• **PROBLEM DESCRIPTION**: Retype the records below exactly as they stand, but with no images.
== == ==
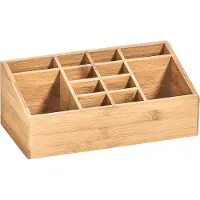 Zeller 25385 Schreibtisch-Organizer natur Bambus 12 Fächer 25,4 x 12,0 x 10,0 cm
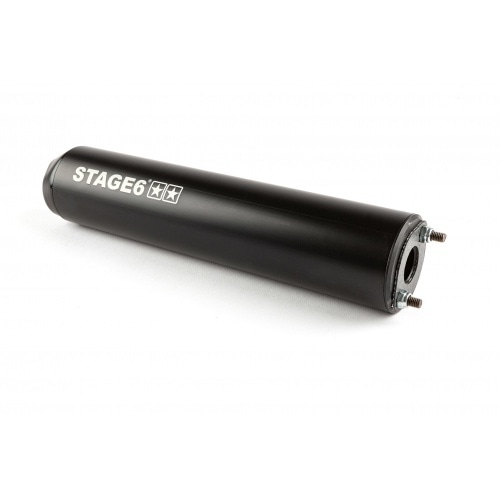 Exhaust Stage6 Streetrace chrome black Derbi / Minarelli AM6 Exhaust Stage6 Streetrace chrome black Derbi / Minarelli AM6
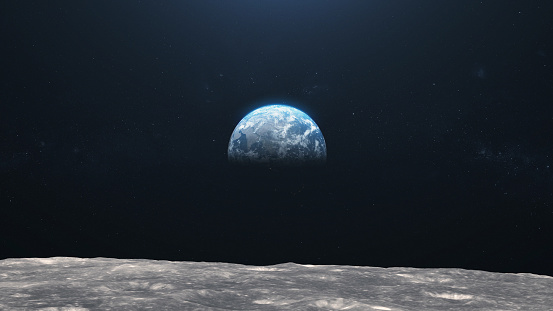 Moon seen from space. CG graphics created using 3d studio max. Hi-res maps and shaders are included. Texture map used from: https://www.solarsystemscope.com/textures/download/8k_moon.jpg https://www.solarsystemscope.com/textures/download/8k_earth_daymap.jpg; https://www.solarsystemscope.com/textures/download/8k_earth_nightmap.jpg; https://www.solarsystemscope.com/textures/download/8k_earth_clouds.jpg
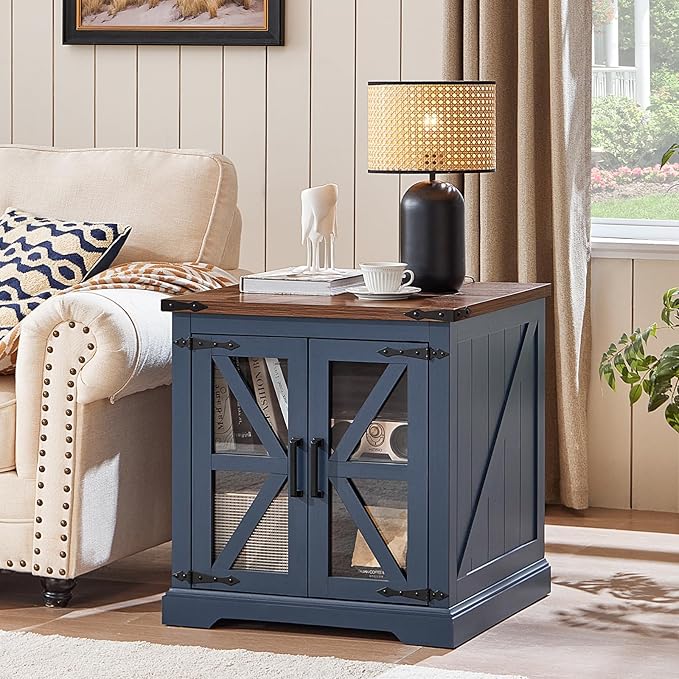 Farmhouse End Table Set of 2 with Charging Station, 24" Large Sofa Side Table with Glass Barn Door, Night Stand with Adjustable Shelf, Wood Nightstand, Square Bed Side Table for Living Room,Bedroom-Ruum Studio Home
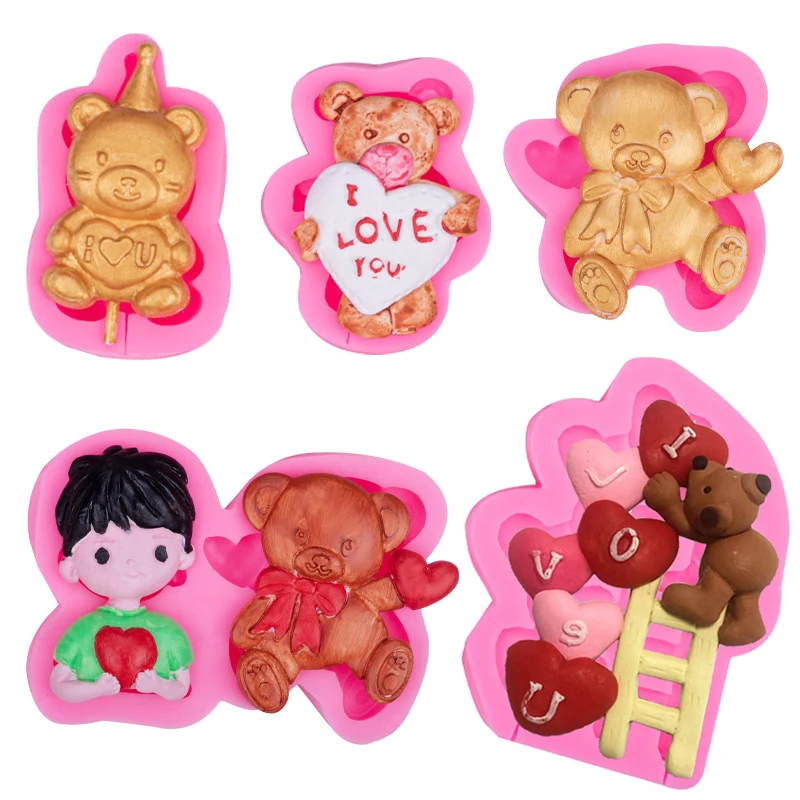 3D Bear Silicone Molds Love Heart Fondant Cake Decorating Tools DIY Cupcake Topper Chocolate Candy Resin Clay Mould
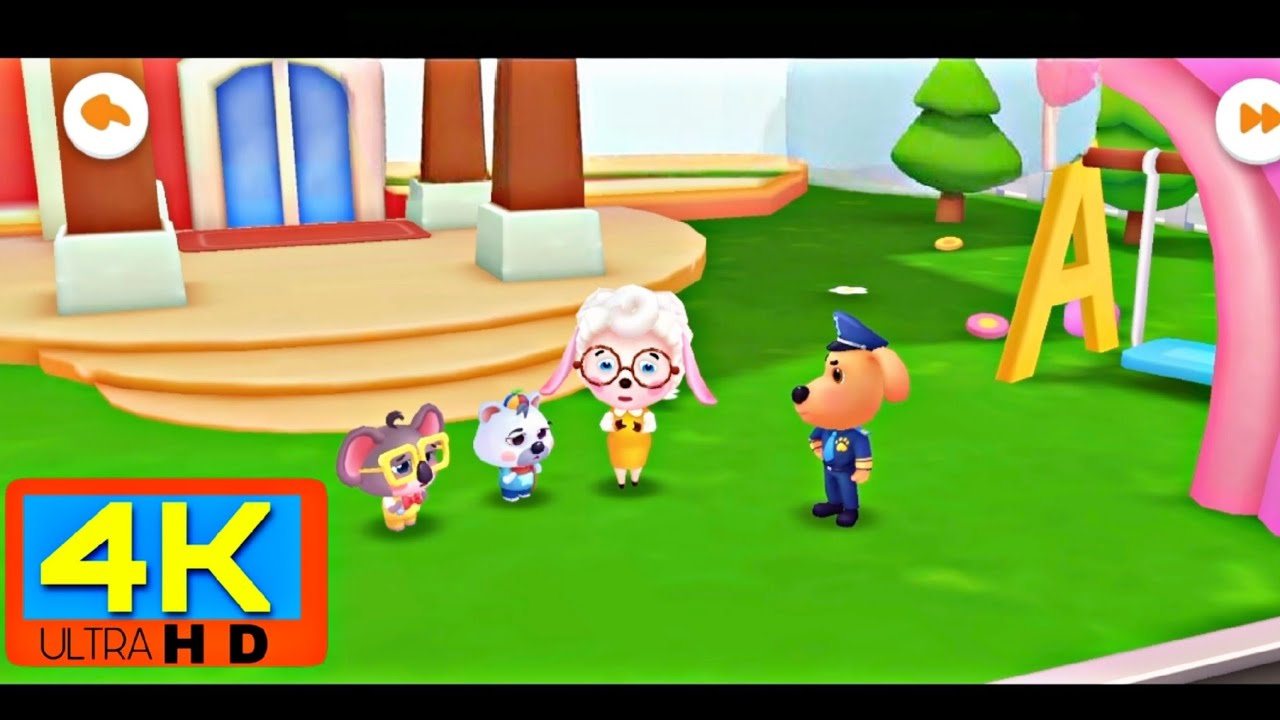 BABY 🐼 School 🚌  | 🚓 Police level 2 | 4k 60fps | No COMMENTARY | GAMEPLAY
== == ==
• **ANSWER BOX**:
 Zeller 25385 Schreibtisch-Organizer natur Bambus 12 Fächer 25,4 x 12,0 x 10,0 cm
 Exhaust Stage6 Streetrace chrome black Derbi / Minarelli AM6 Exhaust Stage6 Streetrace chrome black Derbi / Minarelli AM6
 Moon seen from space. CG graphics created using 3d studio max. Hi-res maps and shaders are included. Texture map used from: https://www.solarsystemscope.com/textures/download/8k_moon.jpg https://www.solarsystemscope.com/textures/download/8k_earth_daymap.jpg; https://www.solarsystemscope.com/textures/download/8k_earth_nightmap.jpg; https://www.solarsystemscope.com/textures/download/8k_earth_clouds.jpg
 Farmhouse End Table Set of 2 with Charging Station, 24" Large Sofa Side Table with Glass Barn Door, Night Stand with Adjustable Shelf, Wood Nightstand, Square Bed Side Table for Living Room,Bedroom-Ruum Studio Home
 3D Bear Silicone Molds Love Heart Fondant Cake Decorating Tools DIY Cupcake Topper Chocolate Candy Resin Clay Mould
 BABY 🐼 School 🚌  | 🚓 Police level 2 | 4k 60fps | No COMMENTARY | GAMEPLAY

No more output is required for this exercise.